Problem
When using Databricks with Apache Sedona for spatial processing, you notice performing a left anti-join on spatial data often results in Apache Spark enforcing a BroadcastNestedLoopJoin. You notice significant query performance degradation, especially on large datasets.
Cause
Spark falls back to BroadcastNestedLoopJoin for left_anti joins when the join condition is non-equivalent (for example, spatial predicates like ST_Intersects
or ST_Contains
). Anti-joins are harder to optimize with spatial indexes, and Spark's optimizer may not efficiently push down spatial predicates for this join type.
Solution
Use an alternative pattern that combines a left outer join with a filter instead.
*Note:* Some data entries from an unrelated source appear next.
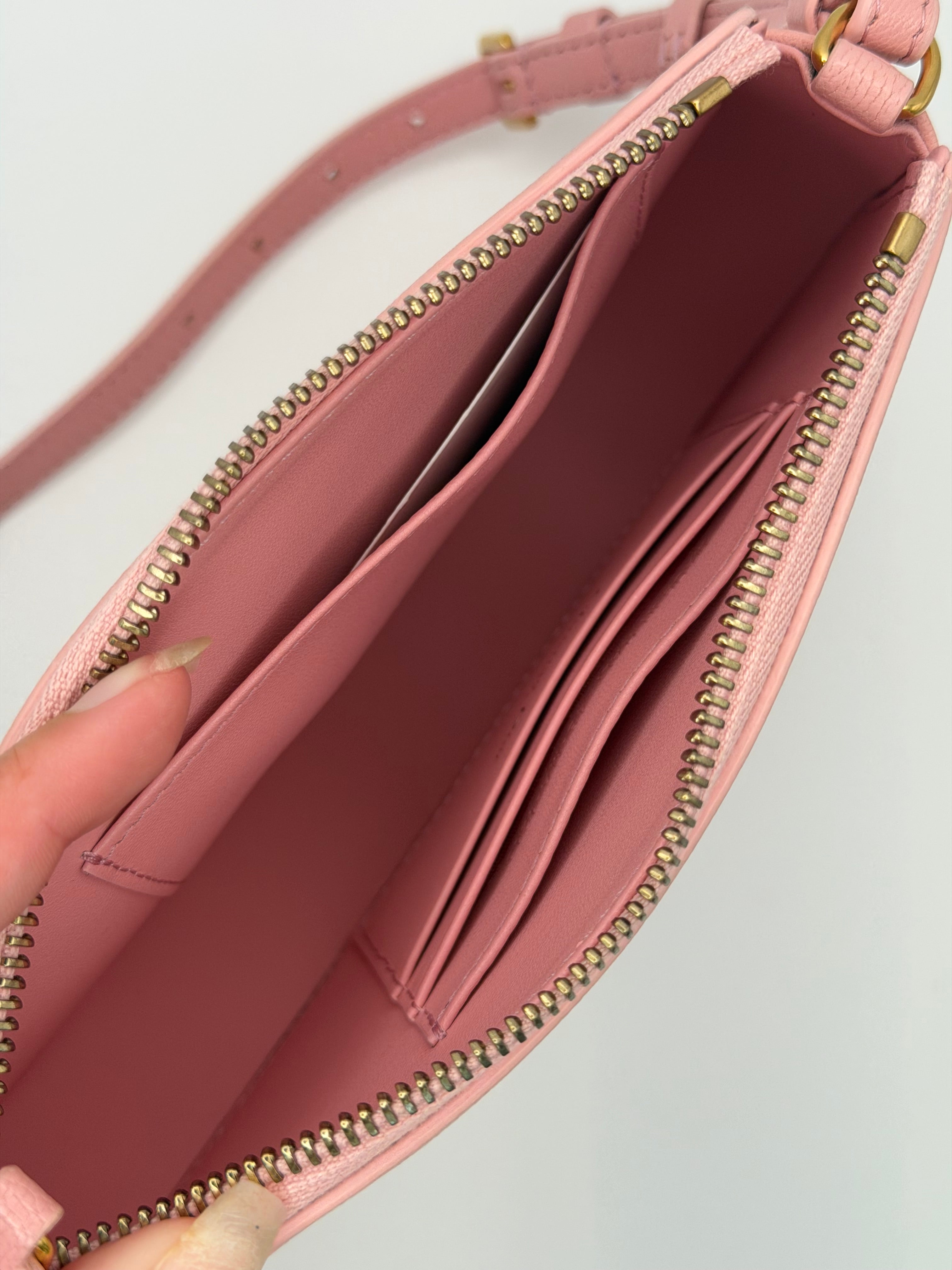 Dior Rodeo Melocoton Pink Goatskin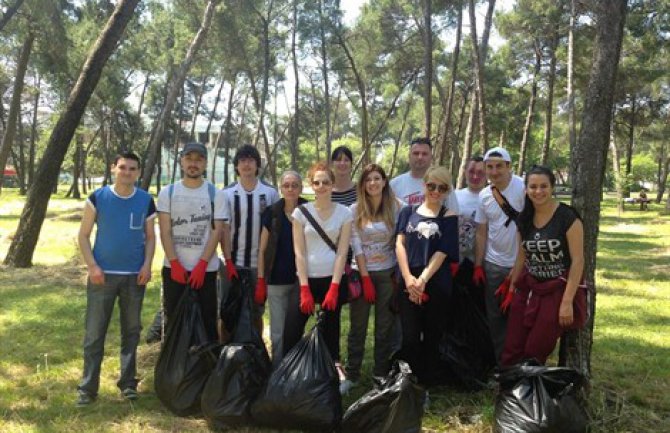 Akcijom Lets do it Montenegro sakupljeno 1850m3 otpada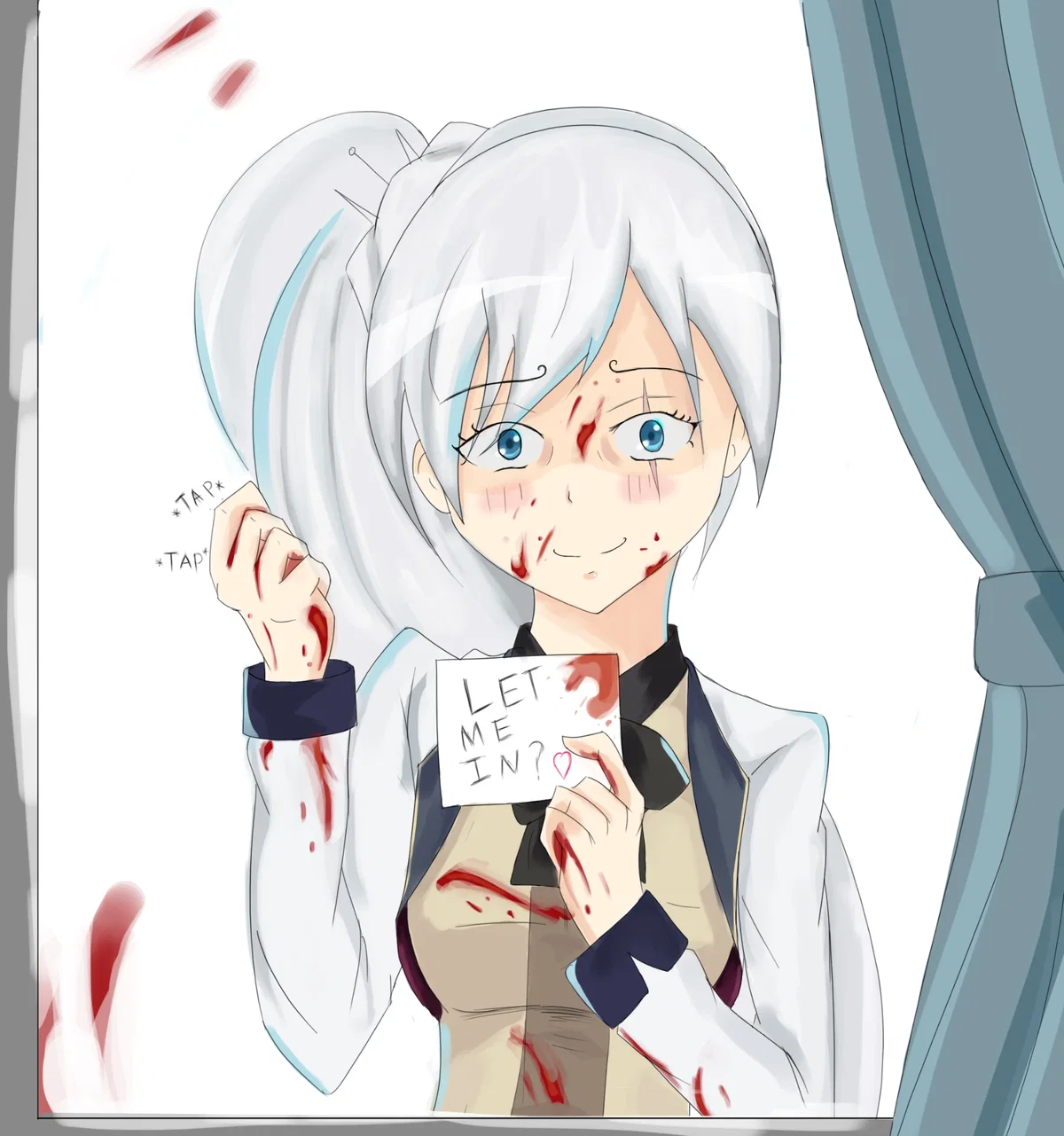 Weiss Schnee - Yandere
- Perform a left outer join between your two DataFrames or tables on the relevant keys.
- Filter the resulting rows to retain only those where the right-side (joined) key is
NULL
.
This is logically equivalent to a left anti-join.
Example
from pyspark.sql.functions import col
df1_alias = df1.alias("left")
df2_alias = df2.alias("right")
left_outer = df1_alias.join(df2_alias, on=["id"], how="left_outer")
replicated_anti = left_outer.filter(col("right.id").isNull()).select("left.id", "left.value")
replicated_anti.show()
Important
Verify you do not have NULL
values before implementing the solution. If the table used as a joining key has NULL
values, it can lead to a cross join.